Much of the project is funded by $13.2 million from the Federal Emergency Management Agency. Once the restoration is complete, the remains will be re-interred, he said. The Department of Parks and Recreation is in the process of taking over the island.

On the Eastern Shore of Maryland, the rising waters are threatening historic cemeteries, including a family burial ground on Robinson Neck Preserve in Dorchester County.

“Maryland’s Eastern Shore is experiencing sea-level rise at an accelerated rate due to land subsidence and other factors, and many of its other historical cemeteries are already experiencing flooding or turning into marshland,” said Joe Fehrer, a project manager for the The Nature Conservancy who is documenting the Robinson Neck site for the Maryland Historic Trust.

Preserving all the affected graveyards will likely be impossible, he said.

Another Vermont cemetery also has been hit hard. Tropical Storm Irene in 2011 swept dozens of sets of remains from a mountain cemetery down a raging stream in the town of Rochester. Some of the 50 sets of remains from the Woodlawn Cemetery were left intact in caskets ripped lose by floodwaters, while others were dispersed around the cemetery or down the stream. Six weeks later about half of the remains had been recovered.

eroding cemeteries
A sailboat passes by Hart Island, New York, where white markers indicate a mass grave of about 150 people. (AP Photo/Seth Wenig, File)

“They will be finding remains in that river for 100 years,” Giffin said.
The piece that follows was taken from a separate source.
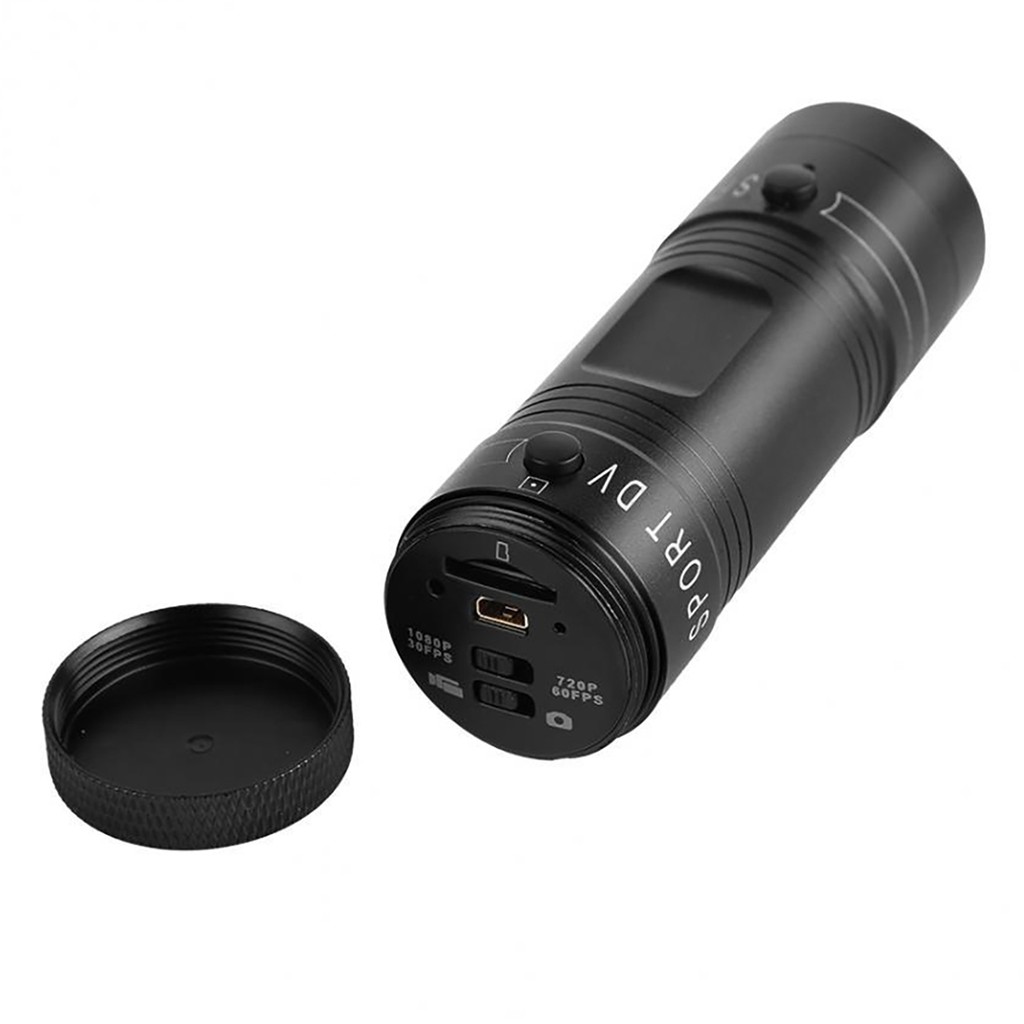 AA84 F9 Mini Sports Camera 1080P Outdoor Riding Motorcycle Helmet Sports DV Camera Video Waterproof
Off of a dirt road in Weybridge, Vermont, where Clark, the Revolutionary War soldier was laid to rest, some of the other 20 or so sets of remains in the graveyard have been lost in the soil and stream.

“You’re talking about a whole cemetery being eroded over the bank,” Giffin said. “I’ve never seen one as bad as this one, ever.”

For now, the cemetery’s future remains uncertain. A woman who lives part time in the historic stone home adjacent to the cemetery had offered land onto which the graveyard could be moved. Before taking on the cemetery, Selectboard chairman Don Mason said he thinks the dirt road leading to it that was damaged in a storm needs to be repaired first.

Clark’s remains are being held by the town in a box . He and his wife’s headstones have been moved away from the bank.

Like so many aging graveyards, the costly repairs are often the responsibility of the towns or cemetery associations, which may lack the funds to protect these sites.

“When you go to town meeting and you ask do you put money to an old cemetery, (or do) you buy new text books, it’s kind of a no-brainer for the town,” said Giffin. “But this was a big piece of not only Vermont history but United States history.”